Gut beschrieben! Für mich geht es in dieser Geschichte nicht nur um das in der Überschrift stehende Thema des Ballast, das ist vordergründig der Ansatz der Geschichte und von daher gut gewählte Überschrift.
Dahinter liegt die Einsamkeit der Protagonistin. Eine unendliche Einsamkeit, die weder durch ihre täglichen Begegnungen mit Kunden und Mitarbeitern, noch durch das Kind in ihr beseitigt werden kann. Es ist diese in ihr selbst steckende Einsamkeit. Die Einsamkeit vor sich selbst, innerlich erfroren.
Mich entsetzt nicht die Tat der Protagonistin, ihr Kind vor die Tür eines Krankenhauses gelegt zu haben. Das war letztendlich eine humane Tat, denn in der Obhut der Protagonistin wäre es ebenfalls ein erfrorenes Lebenwesen geworden.
Mich stimmt die Aussichtslosigkeit der Protagonistin traurig und nachdenklich.

Lieben Gruß
lakita

 

Hallo Kyra,

erst einmal bin ich ziemlich neu hier auf der Seite und Deine Geschichte habe ich eigentlich nur gelesen, weil mir Dein Name gefiel.

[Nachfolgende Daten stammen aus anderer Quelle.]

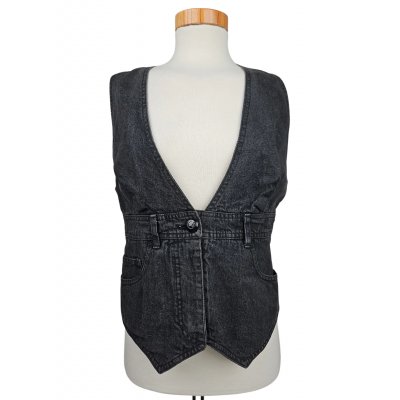 MOSCHINO Damen Jeans Weste, schwarz - Gr. M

Wie gesagt bin ich neu hier und habe mir einige Geschichten von versch. Autoren so durchgelesen und Dein Stil eine Geschichte zu erzählen gefällt mir sehr gut (packend und doch unaufdringlich). Ich frage mich nur, wie man solche Gefühle beschreiben kann, ohne die dazugehörigen Erfahrungen (Phantasie, schätze ich). Ich würde Dir natürlich viel lieber eine Kritik geben, die Dir hilft Dich zu verändern (wenn Du das überhaupt willst), aber so wie es aussieht kann ich nur sagen, dass ich mir jetzt noch ein paar Geschichten von Dir durchlesen werde und mich auf diesem Wege noch mal melden werde.
Bis dann, Dennis

 

Ballast
In der Nacht wird sie von ziehenden Schmerzen geweckt, Daniela ist sofort hellwach. Seit Monaten hatte sie die Gedanken an diesen Augenblick vermieden, aber sie ist sich sicher, es alleine durchstehen zu können. Niemand weiß davon, keiner wird es je erfahren. Die nächsten Stunden sind eine qualvolle Erlösung.

Hallo Kyra,
ich finde diese Geschichte gut & stimmig, auch die Personenzeichnung ist gelungen. Der Geburtsvorgang selbst aber kommt zu kurz. "Die nächsten Stunden sind eine qualvolle Erlösung" ist nur floskelhaft. Die "Wehen" heißen nicht umsonst so, das sind "brutalstmögliche" Schmerzen und wie irgendwelche Frauen das alleine in der Wohnung oder auf dem Klo (gibt ja auch viel Blut & Dreck!) durchstehen können, wie immer mal wieder in der Presse verlautet, ist mir ein absolutes Rätsel.
Ich meine, hier ist die Story unglaubwürdig.
Aber sonst: Alle Achtung!
Viele Grüße vom handballfan

 

Hallo Kyra,
zweifellos eine bedrückende Geschichte, die mir aber außer der deprimierenden stimmung nicht viel bietet. es bleibt für mich eine Schilderung mit zu vielen Adjektiven, die aber eine Charakterzeichnung nicht ersetzen können. Eigentlich fehlt die geschichte hinter der Schilderung, ein wenig innerer Monolog könnte das schon verändern; ich erlebe hier Versatzstücke, wie sie in jeder Doku-soap zu sehen sind. Das geht leider an mir vorbei.
Ein froheres Fest als deine Protagonistin haben wird wünsche ich dir!